Review by pyoung30

Reviewed: 08/14/14

Mario Kart 8 Is Not The Best, But Is Worthy Of The Name

Mario Kart 8 is an exhilarating new entry into the Mario Kart franchise. Well established already as a leader (if not the leader) in the genre of kart racers, Mario Kart did not have too much to prove coming into this game but yet again, Nintendo set a new standard of quality. Exclusive to the Wii U, Mario Kart 8 is a gorgeous kart racer that combines previous attributes of older Mario Kart's with the more recent "gliding and underwater" traversing mechanics, with an all-new defying gravity element to racing.

Like before, you have 32 race courses that heavily vary in theme and difficulty which cater to different players' experience levels. As usual, expect 16 all-new courses and 16 remastered courses that now include modified elements to make the most out of Mario Kart 8's game-play. The typical Rainbow Road, Mario Stadium, and Bowser's Castle levels are all here but courses such as Electrodrome and Mount Wario are stands out among the available races. This game is very gorgeous on the Wii U so expect eye candy with every level, and many tracks have addicting musical themes in accompaniment.

The game's main gimmick, if it can be called that, is racing while defying gravity such as loops in the track or riding on walls. Transitioning between normal and defied gravity is seamless and as the player does not inhibit the control of your racer. Marked by a glowing blue, each individual kart transforms into what seems like a hover-craft in which allows the defied gravity driving. Controls are not effected by this change but new game-play elements are added to differentiate the racing. For example, coming into contact with other racers in this mode will give each player a boost which depending on the circumstance can be positive or negative. Also, while racing one of the only ways you will actually notice you are say on a wall or upside down is looking away from the track and observing the surroundings so as the player, you are not distracted by random camera movement or altered track physics.

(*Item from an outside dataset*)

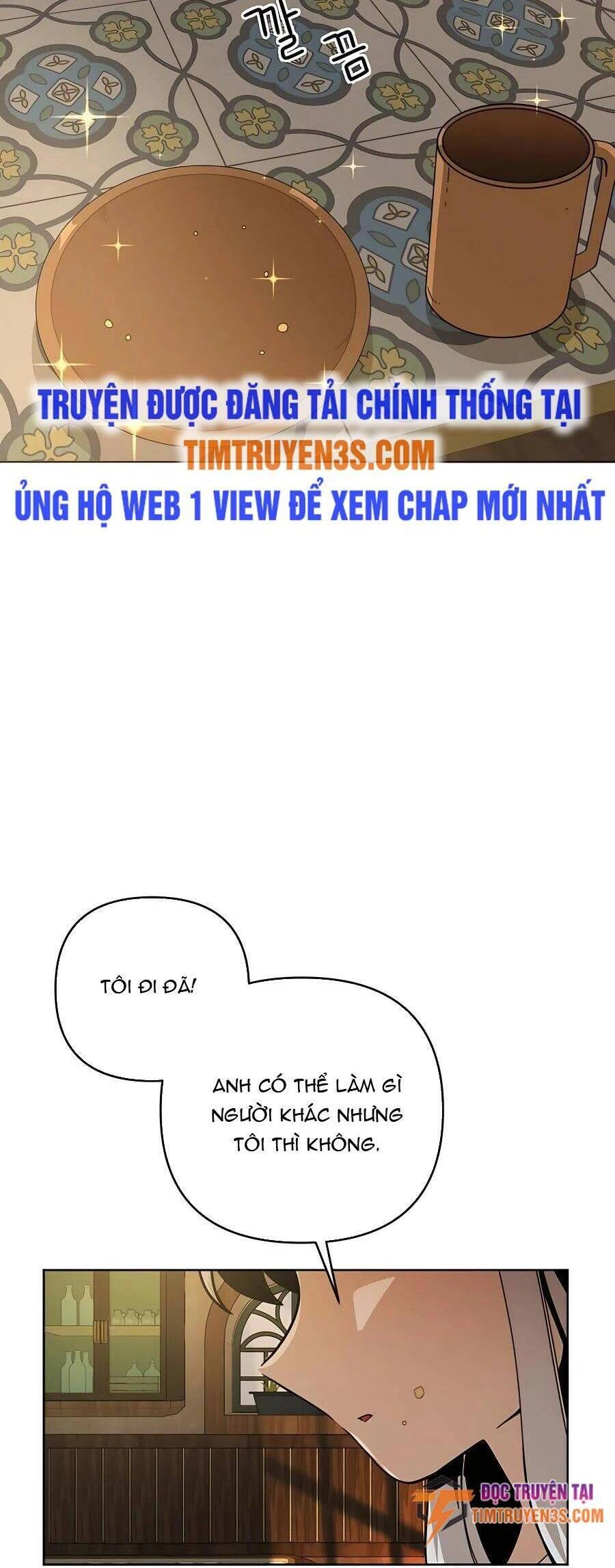 Tôi Từ Bỏ Tất Cả Để Khởi Đầu Ở Một Thế Giới Khác Chapter 18 - 38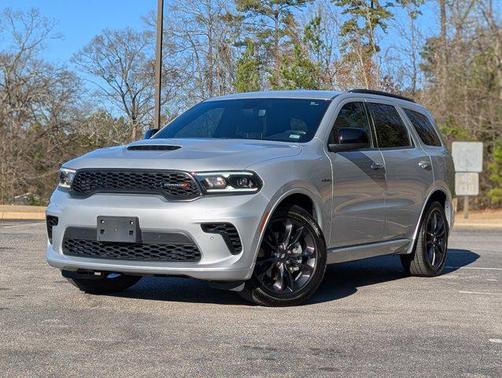 2024 Dodge Durango R/T RWD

One of the problems this game has is in its items, their abilities, and how they're used. Firstly, Mario Kart 8 tries to give players items depending on their position in a race. For example, a person in second place is unlikely to receive offensive items, while someone in seventh is less likely to receive defensive items. However, this system is bogus in MK8 because losing racers can only get back into races by getting strong items while leading racers can only hope they get defensive items otherwise, you do not want to be in first place. Secondly, the red shell has seen a significant power-up as opposed to previous game entries. Here, it can cross gaps and there is a triple-red-shell item which is probably the most over-powered weapon in the game. Thirdly, no longer do you have the ability to stack two items at once; the player is only limited one item of which they can hold in their hand or have follow behind them. This eliminates the ability to manage items and makes the game-play less complex. Finally, is the implementation of coins - the most unnecessary element of this game. Each racetrack is strewn with coins; you can hold a maximum of ten coins and every time you are attacked, you drop three. When driving over a coin, you receive a small boost that is practically unnoticeable. As well, if you are in first place, prepare to see this appear in almost all your item pick-ups as it is now an item. Other items in the game are new such as the "Crazy 8" (a combination of 8 items that can be strategically deployed), Boomerang Flower (a boomerang that can be thrown three times) and a Piranha Plant (an item that gives the player a boost every time it lunges at racers). These items are not bad but if you are constantly leading races, do not expect to draw them.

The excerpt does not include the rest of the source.